1. Articles scientifiques

2. Manuels de méthodologie d’intervention en matière de stratégies préventives

3. Ouvrages sur les tendances récentes des usages de substances psychoactives

4. Ouvrages collectifs

5. Rapports de recherche

6. Diagnostics territoriaux et évaluations

7. Conférences

8. Revues de littérature

  • 5. Rapports de recherche

Reynaud-Maurupt C, Poidevin E, Kiefel M, Essai-pilote du programme de prévention Good Behavior Game, En partenariat avec les Services départementaux de l’Education Nationale dans les Alpes-Maritimes (SDEN 06), l’American Institutes for Research (AIR) et les villes de Valbonne Sophia Antipolis, Vallauris et Nice, rapport pour L’Agence nationale Santé Publique France, la Mildeca et l’Agence Régionale de Santé PACA, 2017, 160 pages.

Le programme Good Behavior Game, ou GBG, est un programme de prévention américain destiné aux enfants de l’école élémentaire (CP au CM2), ayant pour but de développer leurs compétences psychosociales tout en impulsant un contexte favorable à la mise en œuvre de l’éducation bienveillante par les enseignants. Les séances GBG sont présentées aux élèves comme un jeu, dont l’objectif est de respecter des règles sociales et scolaires dans une situation d’apprentissage. L’un des principaux atouts du programme GBG est de ne pas empiéter sur les apprentissages : il se déroule pendant que les enfants travaillent sur leurs leçons habituelles, aussi ne nuit-il pas à l’acquisition des savoirs fondamentaux.
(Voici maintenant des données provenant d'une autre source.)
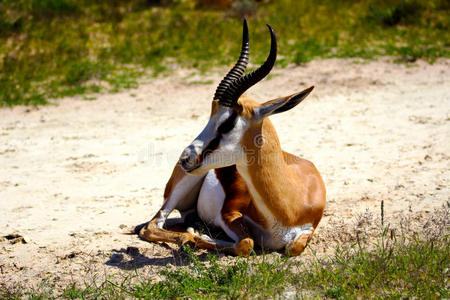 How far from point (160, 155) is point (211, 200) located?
2717 millimetres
Le programme GBG est fondé sur des preuves scientifiques. Les résultats de long terme sont démontrés par plusieurs études internationales qui ont suivi des enfants bénéficiaires jusqu’au début de l’âge adulte (19-21 ans), en les comparant à des groupes contrôles (enfants suivant un cursus scolaire standard) : il faut mentionner entre autres résultats la réduction significative des conduites addictives avec l’alcool et les drogues illicites, du tabagisme régulier, des conduites délinquantes et de l’incarcération pour comportement violent et agressif, du recours aux services sociaux et sanitaires, des troubles de la personnalité anti-sociale et des tentatives de suicide.
Initialement conçu par un enseignant pour améliorer la gestion du comportement en classe, GBG a également des effets immédiats sur le comportement des enfants, qui pacifient le climat scolaire, améliorent les apprentissages et favorisent le bien-être des enfants comme des enseignants.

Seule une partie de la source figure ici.